Has the Kuala Lumpur high-end residential market bottomed out?
Knight Frank Malaysia believes a series of projects launched in the last six months of 2019 has assisted in the recovery of the high-end residential market in Kuala Lumpur.
The firm launched its latest report, “Real Estate Highlights 2nd Half of 2019” and it revealed that projects like Core Residence @ TRX, at the Tun Razak Exchange (TRX) in Kuala Lumpur helped the market rebound.
Core Residence @ TRX is a project by Core Previous Development Sdn Bhd, a joint venture between WCT Holdings Bhd and China-based China Communication Construction Group.
The RM1.4 billion high-end freehold project launched in November 2019 will be developed on a 1.65-acre land and features three blocks of serviced residences with 700 residential units, priced between RM1.44 million to RM2.48 million.
Last year also saw heightened activities in the Tun Razak Exchange (TRX) in Kuala Lumpur with the completion of Menara Prudential and Exchange 106.
Other notable residential projects unveiled during the second half of 2019 were Conlay, a joint development by Eastern & Oriental Bhd and Mitsui Fudosan Group, Agile Embassy Garden by Agile Group Holdings and ALIX Residences by TA Global Bhd.
Agile Embassy Garden sits on a 3.06-acre site that formerly houses the British High Commission.
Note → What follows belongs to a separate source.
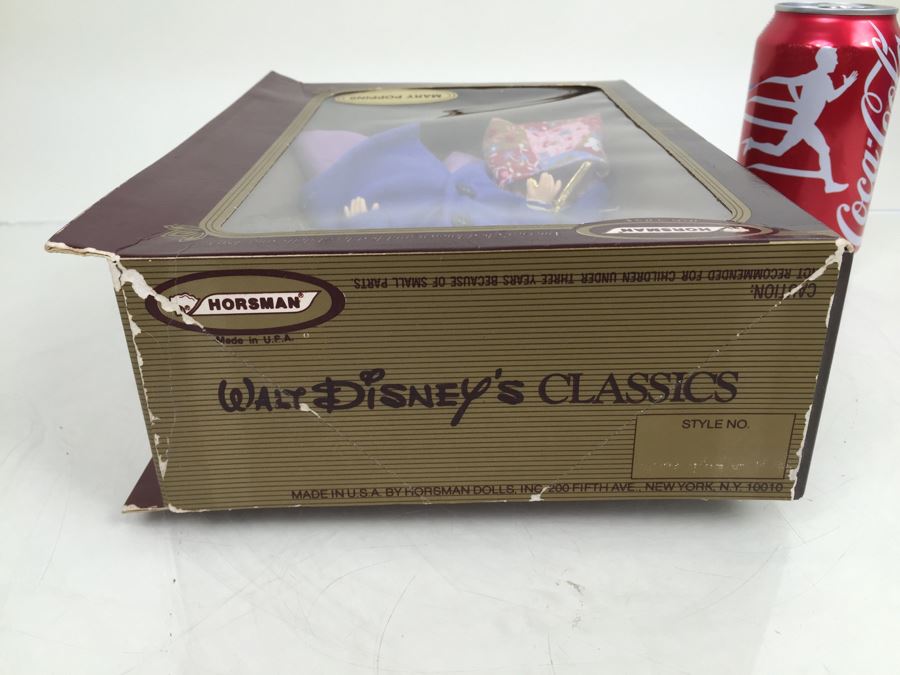 Walt Disney's Classics Mary Poppins Doll 1098 New In Box By Horsman [Photo 7]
The three-block luxury serviced apartment project will offer 1,296 units.
ALIX Residences in Dutamas, North Kiara was unveiled in June 2019. The project features two blocks of condominiums of 35-storey and 22-storey offering a total of 364 units from 1,012 sq ft to 6,544 sq ft.
These new launches are selling between RM1,900 per sq ft (psf) and RM2,200 psf on average. The gross selling price for Core Residence averages at about RM2,200 psf while Conlay is in the region of RM2,050 psf.
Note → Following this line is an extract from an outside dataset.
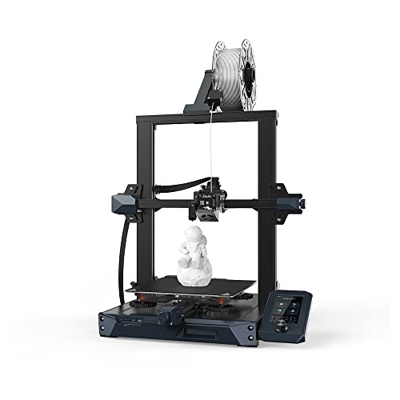 Ender 3 S1 Impresora 3D Sprite Dual Gear Drive Extrusora | CR Touch Autonivelación | Sensor de detección DIY | Tamaño de construcción 220 x 220 x 270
Agile Embassy Garden set a new benchmark pricing of RM1,900 psf at the Embassy Row, in the exclusive locality of Ampang Hilir/U-Thant. In comparison, a project called Impression U-Thant by Yong Tai Bhd was launched in 2018 at a gross pricing of RM1,700 psf.
Knight Frank Malaysia managing director Sarkunan Subramaniam said the overall outlook for the Kuala Lumpur high-end residential market remains challenging amid the supply and demand imbalance.
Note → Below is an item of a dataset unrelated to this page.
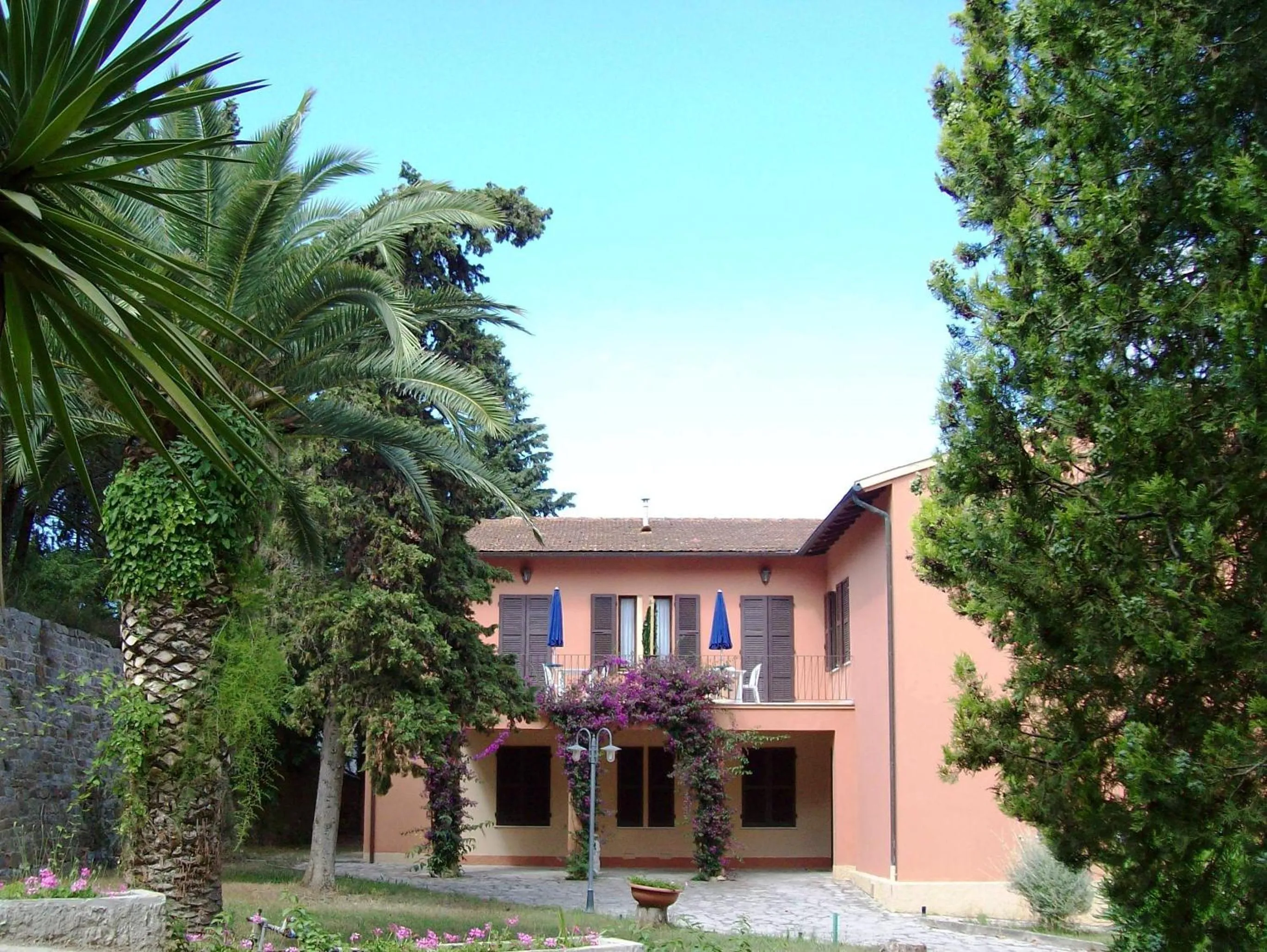 Facade/entrance in Park Hotel Napoleone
Nevertheless, he expects to see more new launches and transactions in the prime areas of Kuala Lumpur city – Bukit Bintang, Ampang Hilir or U-Thant, Mont Kiara, Bangsar, and Damansara Heights or Kenny Hill.
“In addition to these prime areas, there are also some established neighbourhoods or upcoming hotspots that are drawing the attention of the upper-income population and high-net-worth individuals.
“These include Desa ParkCity, Taman Tun Dr Ismail and the upcoming financial district of Imbi, Pudu and TRX,” said Subramaniam.
The report also highlighted there is an increase in foreign buyer interest here. The buyers are from Singapore, Hong Kong, China, Taiwan, Japan, Australia, UK, USA, and several European countries.
"The local developers are aggressively marketing their high-end residential products abroad coupled with the various available initiatives and incentives to stimulate the property market. We expect to see more sales this year. This would help to ease the current glut in the high-end property segment," he said.
New legislation to boost the market
Sarkunan expects new legislation may aid in the recovery of the market this year.
There were several key policies announced under the National Budget 2020, like lowering of foreign buyer price threshold from RM1 million to RM600,000 for unsold high-rise properties in urban areas and the introduction of Rent-to-Own financing scheme.
Other initiatives by the government include revising the base year for Real Property Gains Tax to January 1, 2013, for assets acquired before the date are expected to further stimulate the market.
Sarkunan said the shifting of the base year for RPGT is likely to have a positive impact as it will potentially lower taxable gains on the disposal of properties.
"This may lead to a higher level of activities in the secondary property market," he said.